| Task directions |
All of the data, from the first line to the last, should be reproduced without alteration.

| Data section |
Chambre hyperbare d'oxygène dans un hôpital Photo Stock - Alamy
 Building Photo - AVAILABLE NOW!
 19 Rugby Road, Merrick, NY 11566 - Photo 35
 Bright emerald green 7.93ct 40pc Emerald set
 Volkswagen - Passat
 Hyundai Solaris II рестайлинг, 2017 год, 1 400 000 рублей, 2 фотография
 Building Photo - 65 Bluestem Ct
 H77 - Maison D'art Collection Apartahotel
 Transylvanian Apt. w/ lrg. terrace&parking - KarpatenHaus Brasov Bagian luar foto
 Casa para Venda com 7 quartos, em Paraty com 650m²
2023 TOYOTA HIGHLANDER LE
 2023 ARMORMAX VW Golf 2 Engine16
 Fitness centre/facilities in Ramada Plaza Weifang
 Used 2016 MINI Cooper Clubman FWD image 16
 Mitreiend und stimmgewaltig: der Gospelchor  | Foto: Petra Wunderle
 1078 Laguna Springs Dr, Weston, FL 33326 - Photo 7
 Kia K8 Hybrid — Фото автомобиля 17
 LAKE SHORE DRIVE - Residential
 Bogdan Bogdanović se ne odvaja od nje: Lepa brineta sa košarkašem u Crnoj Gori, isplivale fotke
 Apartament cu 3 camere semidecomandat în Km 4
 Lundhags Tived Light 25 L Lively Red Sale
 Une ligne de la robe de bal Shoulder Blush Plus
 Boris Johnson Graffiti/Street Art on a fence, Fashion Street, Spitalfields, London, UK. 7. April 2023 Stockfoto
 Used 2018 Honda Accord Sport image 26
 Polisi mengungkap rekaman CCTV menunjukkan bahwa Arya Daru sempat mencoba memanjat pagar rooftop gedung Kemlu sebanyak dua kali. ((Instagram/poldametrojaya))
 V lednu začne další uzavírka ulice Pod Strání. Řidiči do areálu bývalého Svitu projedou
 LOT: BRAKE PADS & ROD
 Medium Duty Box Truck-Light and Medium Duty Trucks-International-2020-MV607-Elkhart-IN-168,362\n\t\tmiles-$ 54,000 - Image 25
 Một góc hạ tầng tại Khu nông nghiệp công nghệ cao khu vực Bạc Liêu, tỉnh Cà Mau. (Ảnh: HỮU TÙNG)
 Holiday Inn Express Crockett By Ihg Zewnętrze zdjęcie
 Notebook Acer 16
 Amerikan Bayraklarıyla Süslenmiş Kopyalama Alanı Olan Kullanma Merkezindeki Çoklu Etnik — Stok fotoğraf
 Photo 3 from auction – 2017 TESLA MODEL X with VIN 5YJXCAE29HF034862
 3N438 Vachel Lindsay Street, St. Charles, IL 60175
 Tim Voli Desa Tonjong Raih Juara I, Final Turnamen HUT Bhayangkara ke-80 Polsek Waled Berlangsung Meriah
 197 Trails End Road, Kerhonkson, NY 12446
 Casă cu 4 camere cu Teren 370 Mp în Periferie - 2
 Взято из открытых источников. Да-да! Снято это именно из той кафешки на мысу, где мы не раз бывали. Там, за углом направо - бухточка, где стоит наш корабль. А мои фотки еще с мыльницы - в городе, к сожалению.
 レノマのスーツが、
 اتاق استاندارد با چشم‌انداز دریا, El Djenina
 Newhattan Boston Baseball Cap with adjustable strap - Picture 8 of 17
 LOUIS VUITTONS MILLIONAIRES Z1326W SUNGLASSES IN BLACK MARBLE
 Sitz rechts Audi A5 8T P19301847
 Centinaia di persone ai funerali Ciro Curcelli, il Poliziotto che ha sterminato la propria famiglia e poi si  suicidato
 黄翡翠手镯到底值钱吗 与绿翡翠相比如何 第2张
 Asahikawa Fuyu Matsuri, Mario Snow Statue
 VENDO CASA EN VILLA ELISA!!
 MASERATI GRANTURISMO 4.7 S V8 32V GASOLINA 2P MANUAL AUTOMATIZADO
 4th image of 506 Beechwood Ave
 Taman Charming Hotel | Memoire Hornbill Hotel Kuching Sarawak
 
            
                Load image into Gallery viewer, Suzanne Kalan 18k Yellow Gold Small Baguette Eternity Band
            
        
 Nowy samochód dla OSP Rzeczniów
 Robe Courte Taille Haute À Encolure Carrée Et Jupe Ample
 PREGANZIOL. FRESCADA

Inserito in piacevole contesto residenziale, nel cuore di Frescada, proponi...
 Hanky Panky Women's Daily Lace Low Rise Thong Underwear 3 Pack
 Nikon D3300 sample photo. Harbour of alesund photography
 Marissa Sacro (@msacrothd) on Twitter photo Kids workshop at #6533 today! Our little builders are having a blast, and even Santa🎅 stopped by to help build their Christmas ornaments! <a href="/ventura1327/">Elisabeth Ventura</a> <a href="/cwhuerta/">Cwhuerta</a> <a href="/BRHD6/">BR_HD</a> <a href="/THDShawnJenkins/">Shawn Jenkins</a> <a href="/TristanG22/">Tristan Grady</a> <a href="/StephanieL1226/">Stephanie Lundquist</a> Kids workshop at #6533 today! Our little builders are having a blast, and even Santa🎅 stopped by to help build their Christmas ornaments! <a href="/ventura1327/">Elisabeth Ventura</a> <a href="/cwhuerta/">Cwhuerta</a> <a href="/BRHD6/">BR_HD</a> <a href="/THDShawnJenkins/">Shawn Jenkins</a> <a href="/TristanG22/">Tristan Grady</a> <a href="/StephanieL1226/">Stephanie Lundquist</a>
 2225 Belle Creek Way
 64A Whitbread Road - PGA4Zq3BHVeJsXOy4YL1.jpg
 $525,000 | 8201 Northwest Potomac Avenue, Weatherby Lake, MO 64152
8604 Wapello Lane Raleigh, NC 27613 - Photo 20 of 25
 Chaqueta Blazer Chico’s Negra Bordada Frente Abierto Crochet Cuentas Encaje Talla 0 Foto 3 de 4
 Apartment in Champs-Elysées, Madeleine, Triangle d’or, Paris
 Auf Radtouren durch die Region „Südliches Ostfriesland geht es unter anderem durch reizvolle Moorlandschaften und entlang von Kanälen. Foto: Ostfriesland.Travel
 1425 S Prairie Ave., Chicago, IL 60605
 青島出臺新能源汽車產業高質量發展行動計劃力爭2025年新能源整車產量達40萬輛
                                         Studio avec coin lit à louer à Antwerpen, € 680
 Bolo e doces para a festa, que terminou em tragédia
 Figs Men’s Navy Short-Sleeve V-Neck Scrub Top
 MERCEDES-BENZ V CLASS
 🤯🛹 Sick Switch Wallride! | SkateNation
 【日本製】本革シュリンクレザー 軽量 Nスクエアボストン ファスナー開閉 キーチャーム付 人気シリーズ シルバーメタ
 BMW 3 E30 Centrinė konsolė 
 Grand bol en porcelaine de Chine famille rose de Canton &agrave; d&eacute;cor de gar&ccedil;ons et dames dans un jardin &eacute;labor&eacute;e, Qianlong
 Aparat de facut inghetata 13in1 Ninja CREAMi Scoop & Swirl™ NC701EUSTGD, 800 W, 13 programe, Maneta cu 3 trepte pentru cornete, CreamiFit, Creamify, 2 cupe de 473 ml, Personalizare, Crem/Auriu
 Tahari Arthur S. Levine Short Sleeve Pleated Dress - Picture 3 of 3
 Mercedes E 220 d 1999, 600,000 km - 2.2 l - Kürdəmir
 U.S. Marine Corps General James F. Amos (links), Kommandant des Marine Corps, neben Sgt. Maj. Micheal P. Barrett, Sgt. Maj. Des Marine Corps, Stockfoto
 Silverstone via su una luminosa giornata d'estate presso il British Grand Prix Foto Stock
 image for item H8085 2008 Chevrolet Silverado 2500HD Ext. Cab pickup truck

| Solution |
Chambre hyperbare d'oxygène dans un hôpital Photo Stock - Alamy
 Building Photo - AVAILABLE NOW!
 19 Rugby Road, Merrick, NY 11566 - Photo 35
 Bright emerald green 7.93ct 40pc Emerald set
 Volkswagen - Passat
 Hyundai Solaris II рестайлинг, 2017 год, 1 400 000 рублей, 2 фотография
 Building Photo - 65 Bluestem Ct
 H77 - Maison D'art Collection Apartahotel
 Transylvanian Apt. w/ lrg. terrace&parking - KarpatenHaus Brasov Bagian luar foto
 Casa para Venda com 7 quartos, em Paraty com 650m²
2023 TOYOTA HIGHLANDER LE
 2023 ARMORMAX VW Golf 2 Engine16
 Fitness centre/facilities in Ramada Plaza Weifang
 Used 2016 MINI Cooper Clubman FWD image 16
 Mitreiend und stimmgewaltig: der Gospelchor  | Foto: Petra Wunderle
 1078 Laguna Springs Dr, Weston, FL 33326 - Photo 7
 Kia K8 Hybrid — Фото автомобиля 17
 LAKE SHORE DRIVE - Residential
 Bogdan Bogdanović se ne odvaja od nje: Lepa brineta sa košarkašem u Crnoj Gori, isplivale fotke
 Apartament cu 3 camere semidecomandat în Km 4
 Lundhags Tived Light 25 L Lively Red Sale
 Une ligne de la robe de bal Shoulder Blush Plus
 Boris Johnson Graffiti/Street Art on a fence, Fashion Street, Spitalfields, London, UK. 7. April 2023 Stockfoto
 Used 2018 Honda Accord Sport image 26
 Polisi mengungkap rekaman CCTV menunjukkan bahwa Arya Daru sempat mencoba memanjat pagar rooftop gedung Kemlu sebanyak dua kali. ((Instagram/poldametrojaya))
 V lednu začne další uzavírka ulice Pod Strání. Řidiči do areálu bývalého Svitu projedou
 LOT: BRAKE PADS & ROD
 Medium Duty Box Truck-Light and Medium Duty Trucks-International-2020-MV607-Elkhart-IN-168,362\n\t\tmiles-$ 54,000 - Image 25
 Một góc hạ tầng tại Khu nông nghiệp công nghệ cao khu vực Bạc Liêu, tỉnh Cà Mau. (Ảnh: HỮU TÙNG)
 Holiday Inn Express Crockett By Ihg Zewnętrze zdjęcie
 Notebook Acer 16
 Amerikan Bayraklarıyla Süslenmiş Kopyalama Alanı Olan Kullanma Merkezindeki Çoklu Etnik — Stok fotoğraf
 Photo 3 from auction – 2017 TESLA MODEL X with VIN 5YJXCAE29HF034862
 3N438 Vachel Lindsay Street, St. Charles, IL 60175
 Tim Voli Desa Tonjong Raih Juara I, Final Turnamen HUT Bhayangkara ke-80 Polsek Waled Berlangsung Meriah
 197 Trails End Road, Kerhonkson, NY 12446
 Casă cu 4 camere cu Teren 370 Mp în Periferie - 2
 Взято из открытых источников. Да-да! Снято это именно из той кафешки на мысу, где мы не раз бывали. Там, за углом направо - бухточка, где стоит наш корабль. А мои фотки еще с мыльницы - в городе, к сожалению.
 レノマのスーツが、
 اتاق استاندارد با چشم‌انداز دریا, El Djenina
 Newhattan Boston Baseball Cap with adjustable strap - Picture 8 of 17
 LOUIS VUITTONS MILLIONAIRES Z1326W SUNGLASSES IN BLACK MARBLE
 Sitz rechts Audi A5 8T P19301847
 Centinaia di persone ai funerali Ciro Curcelli, il Poliziotto che ha sterminato la propria famiglia e poi si  suicidato
 黄翡翠手镯到底值钱吗 与绿翡翠相比如何 第2张
 Asahikawa Fuyu Matsuri, Mario Snow Statue
 VENDO CASA EN VILLA ELISA!!
 MASERATI GRANTURISMO 4.7 S V8 32V GASOLINA 2P MANUAL AUTOMATIZADO
 4th image of 506 Beechwood Ave
 Taman Charming Hotel | Memoire Hornbill Hotel Kuching Sarawak
 
            
                Load image into Gallery viewer, Suzanne Kalan 18k Yellow Gold Small Baguette Eternity Band
            
        
 Nowy samochód dla OSP Rzeczniów
 Robe Courte Taille Haute À Encolure Carrée Et Jupe Ample
 PREGANZIOL. FRESCADA

Inserito in piacevole contesto residenziale, nel cuore di Frescada, proponi...
 Hanky Panky Women's Daily Lace Low Rise Thong Underwear 3 Pack
 Nikon D3300 sample photo. Harbour of alesund photography
 Marissa Sacro (@msacrothd) on Twitter photo Kids workshop at #6533 today! Our little builders are having a blast, and even Santa🎅 stopped by to help build their Christmas ornaments! <a href="/ventura1327/">Elisabeth Ventura</a> <a href="/cwhuerta/">Cwhuerta</a> <a href="/BRHD6/">BR_HD</a> <a href="/THDShawnJenkins/">Shawn Jenkins</a> <a href="/TristanG22/">Tristan Grady</a> <a href="/StephanieL1226/">Stephanie Lundquist</a> Kids workshop at #6533 today! Our little builders are having a blast, and even Santa🎅 stopped by to help build their Christmas ornaments! <a href="/ventura1327/">Elisabeth Ventura</a> <a href="/cwhuerta/">Cwhuerta</a> <a href="/BRHD6/">BR_HD</a> <a href="/THDShawnJenkins/">Shawn Jenkins</a> <a href="/TristanG22/">Tristan Grady</a> <a href="/StephanieL1226/">Stephanie Lundquist</a>
 2225 Belle Creek Way
 64A Whitbread Road - PGA4Zq3BHVeJsXOy4YL1.jpg
 $525,000 | 8201 Northwest Potomac Avenue, Weatherby Lake, MO 64152
8604 Wapello Lane Raleigh, NC 27613 - Photo 20 of 25
 Chaqueta Blazer Chico’s Negra Bordada Frente Abierto Crochet Cuentas Encaje Talla 0 Foto 3 de 4
 Apartment in Champs-Elysées, Madeleine, Triangle d’or, Paris
 Auf Radtouren durch die Region „Südliches Ostfriesland geht es unter anderem durch reizvolle Moorlandschaften und entlang von Kanälen. Foto: Ostfriesland.Travel
 1425 S Prairie Ave., Chicago, IL 60605
 青島出臺新能源汽車產業高質量發展行動計劃力爭2025年新能源整車產量達40萬輛
                                         Studio avec coin lit à louer à Antwerpen, € 680
 Bolo e doces para a festa, que terminou em tragédia
 Figs Men’s Navy Short-Sleeve V-Neck Scrub Top
 MERCEDES-BENZ V CLASS
 🤯🛹 Sick Switch Wallride! | SkateNation
 【日本製】本革シュリンクレザー 軽量 Nスクエアボストン ファスナー開閉 キーチャーム付 人気シリーズ シルバーメタ
 BMW 3 E30 Centrinė konsolė 
 Grand bol en porcelaine de Chine famille rose de Canton &agrave; d&eacute;cor de gar&ccedil;ons et dames dans un jardin &eacute;labor&eacute;e, Qianlong
 Aparat de facut inghetata 13in1 Ninja CREAMi Scoop & Swirl™ NC701EUSTGD, 800 W, 13 programe, Maneta cu 3 trepte pentru cornete, CreamiFit, Creamify, 2 cupe de 473 ml, Personalizare, Crem/Auriu
 Tahari Arthur S. Levine Short Sleeve Pleated Dress - Picture 3 of 3
 Mercedes E 220 d 1999, 600,000 km - 2.2 l - Kürdəmir
 U.S. Marine Corps General James F. Amos (links), Kommandant des Marine Corps, neben Sgt. Maj. Micheal P. Barrett, Sgt. Maj. Des Marine Corps, Stockfoto
 Silverstone via su una luminosa giornata d'estate presso il British Grand Prix Foto Stock
 image for item H8085 2008 Chevrolet Silverado 2500HD Ext. Cab pickup truck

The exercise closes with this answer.